The mediating character of platforms means they “gain not only access to more data but also control and governance over the rules of the game” (loc 636). With this comes the challenge of facilitating continued growth within a competitive environment, using cross-subsidisation and leveraging network effects to position oneself as the central platform within a domain of activity. However in spite of these shared characteristics, different types of platform have emerged within different spheres of social life. Srnicek identifies 5 types:
The first type is that of advertising platforms (e.g. Google, Facebook), which extract information on users, undertake a labour of analysis, and then use the products of that process to sell ad space. The second type is that of cloud platforms (e.g. AWS, Salesforce), which own the hardware and software of digital-dependent businesses and are renting them out as needed. The third type is that of industrial platforms (e.g. GE, Siemens), which build the hardware and software necessary to transform traditional manufacturing into internet-connected processes that lower the costs of production and transform goods into services. The fourth type is that of product platforms (e.g. Rolls Royce, Spotify), which generate revenue by using other platforms to transform a traditional good into a service and by collecting rent or subscription fees on them. Finally, the fifth type is that of lean platforms (e.g. Uber, Airbnb), which attempt to reduce their ownership of assets to a minimum and to profit by reducing costs as much as possible.
Much of his subsequent analysis concerns the competitive conditions under which each type of platform operates, as well as how this is shaping the emerging field and platform capitalism as a whole. I don’t agree with all of it but it’s definitely worth reading in full. I understand his core points to be the following:
- The necessity of ‘data extraction’ has a basis in a longer term crisis of profitability within capitalism.

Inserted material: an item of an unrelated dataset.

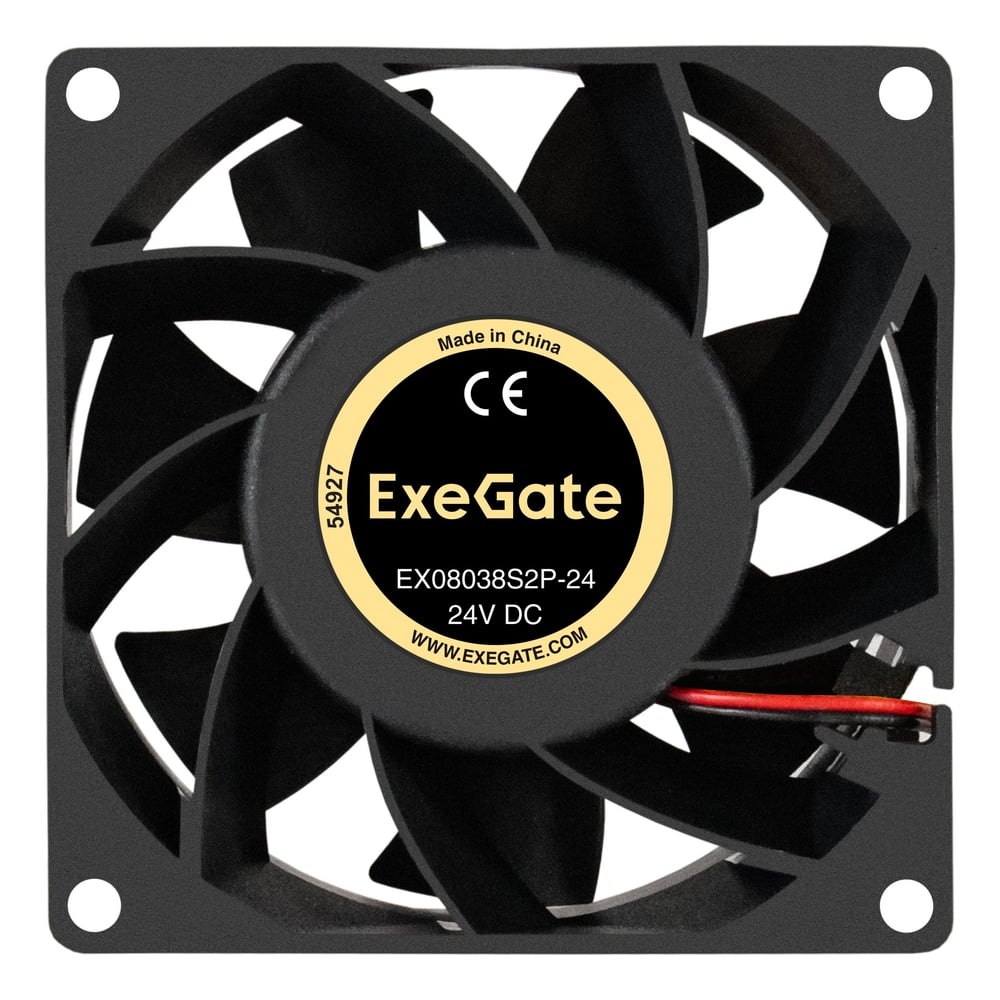 Вентилятор ExeGate 24В DC EX08038S2P-24 80x80x38 мм, Sleeve bearing подшипник скольжения, 2pin, 4500RPM, 43dBA 299911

These are, in effect, technical fixes for a systemic deterioration afflicting manufacturing and platforms represent a formalisation of these into a new emergent form.
- The financial conditions under which this platform economy has been able to emerge were historically specific and should not be assumed to continue indefinitely. The infrastructure through which ‘data extraction’ become technically viable, as well as the emergence of platforms as operating businesses were deeply dependent upon this.
- Platforms as emergent forms exhibit characteristics which shape competition between them, as well as guiding the unfolding of the digital economy as a whole. The fierce competition between them, the competitive challenges specific to categories of platforms, the dynamics of network effects and the affordances of their cash hoarding are leading to platform isomorphism. They have an inevitable drive towards monopoly, further incentivised by the dynamics of accruing investment, which leaves them orientated towards becoming owners of the infrastructure of society.
The analysis of platform tendencies is probably my favourite part of the book. He talks about expansion of extraction, positioning as a gatekeeper, convergence of markets and enclosure of ecosystems. These are analysed in the final chapter in some detail and offer a convincing meso-level account of the claimed macro tendency towards monopoly or oligopoly.